Nearly 60% of S&P 500 companies have reported fourth-quarter 2020 financial results and 81% of them have turned in per-share earnings that exceeded analyst expectations, according to figures from FactSet. That rate puts S&P 500 companies on track to match the second-higher percentage of positive per-share earnings surprises since 2008, when FactSet began tracking the metric.

Credit Suisse said it not generally a fan of using price action in forecasting the path of stocks. Nevertheless, it said its work indicates that high volatility stocks “and those having experienced large drawdowns, perform especially well during periods of economic reacceleration. Interestingly, these signals are much stronger than fundamentally-based metrics.”

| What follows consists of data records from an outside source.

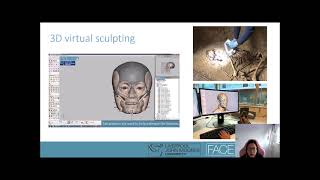 Digital Facial Reconstruction process using Geomagic® Freeform®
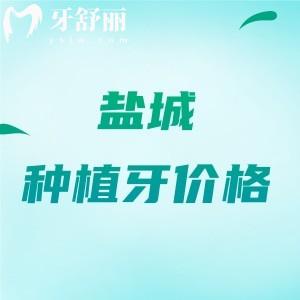 盐城种植牙多少钱一颗2026价格表更新,单颗(国产1880/进口2280)+半/全口植体2w元起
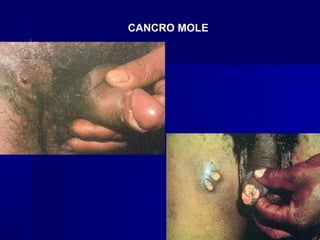 CANCRO MOLE
 
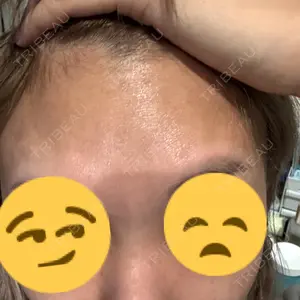 TCB東京中央美容外科 TCB東京中央美容外科 池袋駅前院口コミ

Stocks that are heavily shorted have also outpaced the broad market since early November, the firm said, adding that while short interest is not often used as a quality screen, it does signal investor concern toward a stock. Retail investors in recent weeks had pushed up the price in shares of troubled video-game retailer GameStop as the stock was amongst those with the highest short interest on Wall Street.

Investors are also hunting for higher returns in riskier pockets of the bond market in part as they contend with the near-zero interest rate policy set by the Federal Reserve. Demand for so-called junk bonds has been so strong that their average yield late Monday fell below 4% for the first time ever, according to Bloomberg data. Bond yields fall when prices rise.